The skirt that Julia lends to Marion represents the lost promise of their friendship. Julia offers Marion the garment in a moment of need, when Marion is soaked with rain. In the same way, Julia first offered her friendship to Marion when she felt out of place at school and needed someone to talk to about her frustrations with the students. Julia gave Marion advice and encouraged her to laugh about her difficulties, advice which gave Marion the confidence to face her new career much as the right garment might. Marion’s decision to pursue a career had created distance between her and Sylvie, and Julia had stepped in to be a peer for Marion. Just as Marion initially thinks the skirt will not fit her, she notices early on that the older teachers consider Julia a little odd—but, in fact, the skirt fits her perfectly, just as Julia also proves a good fit as a friend. Marion wears the skirt longer than she needs to, trying to hang on to her sense of connection to Julia, but Julia announces that she is moving, leaving no time for reconciliation. Marion keeps the skirt for four decades, and at the novel’s end, she is still hoping she can rebuild her friendship with Julia.  

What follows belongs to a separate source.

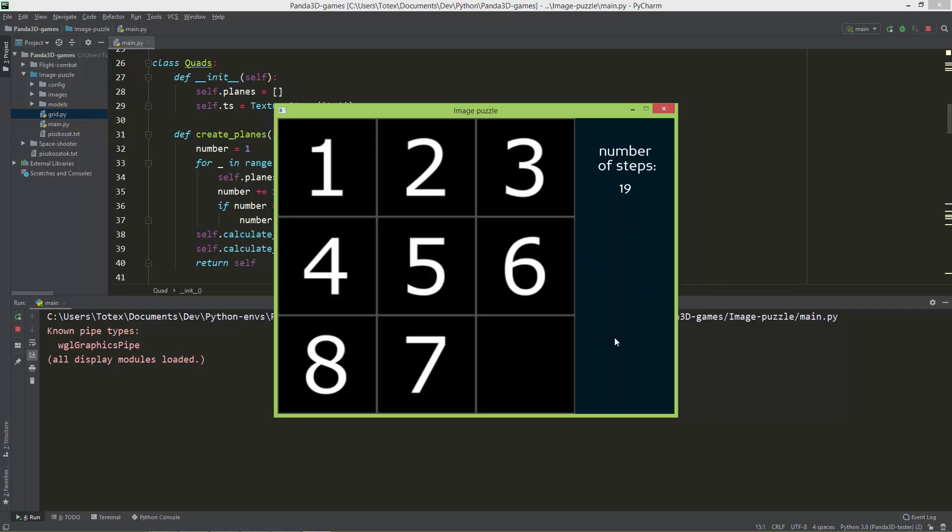And also press space to reset or restart. I'm just going to quickly create the winning scene off screen and show you the results.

The manuscript Marion creates and gives to the men at the end of the book functions as a counterpoint to the letter she sends to Houghton in 1958. Tom fears that the manuscript is an attempt at revenge against him and Patrick for hurting her, but her revenge had actually taken place in the original letter decades earlier. While the letter she sends to Houghton is an attempt to force closeness between her and Tom and distance between Tom and Patrick, the attempt backfires horribly, breaking Tom’s relationship with Patrick but also the emotional core of Marion’s relationship with Tom. Her confession, in contrast, is meant to bring Tom and Patrick closer together again and to finally end her loveless marriage with Tom. The manuscript is also a confession, meant to ease her guilt and relieve her of her secrets, secrets that have alienated her from herself and others for four decades. Without her secrets weighing her down, she is free to finally leave Tom, to look for Julia, and to write a new story for herself, one that is defined not by Tom’s indifference but by her own desire.